- TO DO
Only text belongs in your copy of the listing below; reproduce it exactly and leave out the pictures.

- STORED DATA
************
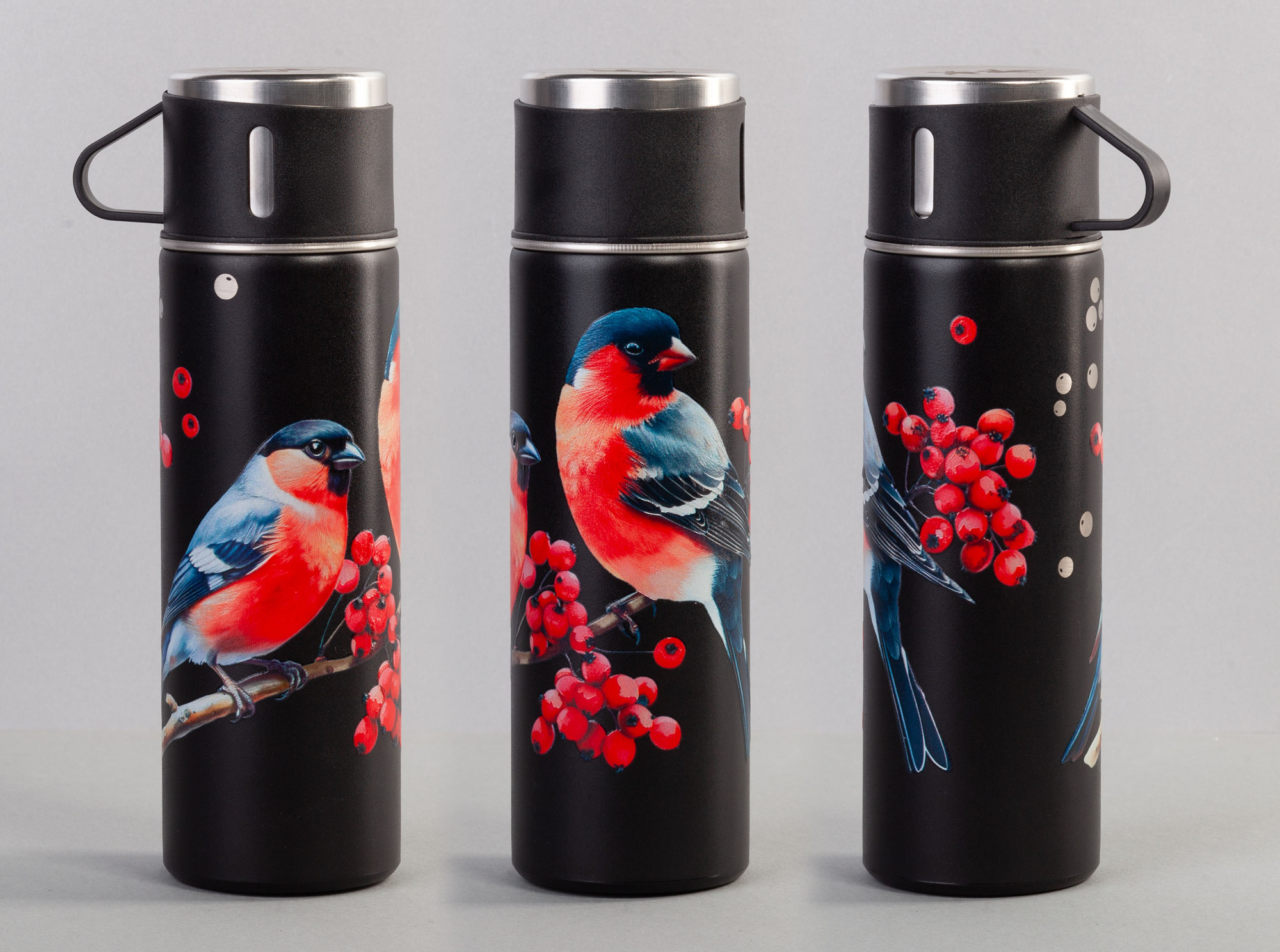 Набор подарочный "Алтай": термос, 3 кружки, покрытие пудра, черный, арт. 5428-3 - вид 8 из 9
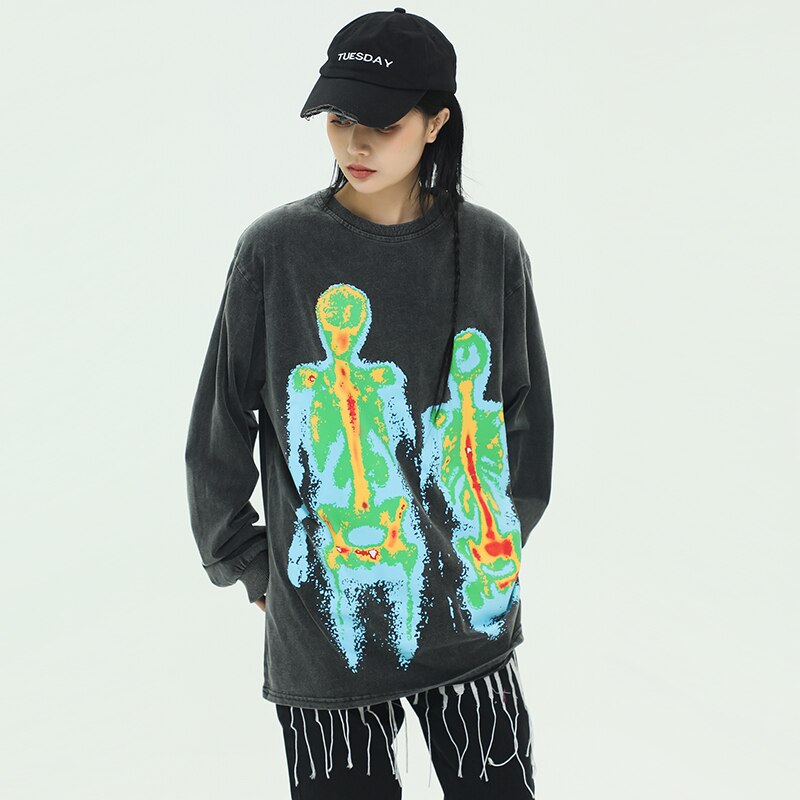 "Skeleton Twins" Unisex Men Women Streetwear Graphic Sweatshirt Daulet Apparel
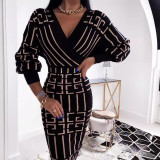 Printed V-neck Waist Cinching Dress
************
- TASK SOLUTION
 Набор подарочный "Алтай": термос, 3 кружки, покрытие пудра, черный, арт. 5428-3 - вид 8 из 9
 "Skeleton Twins" Unisex Men Women Streetwear Graphic Sweatshirt Daulet Apparel
 Printed V-neck Waist Cinching Dress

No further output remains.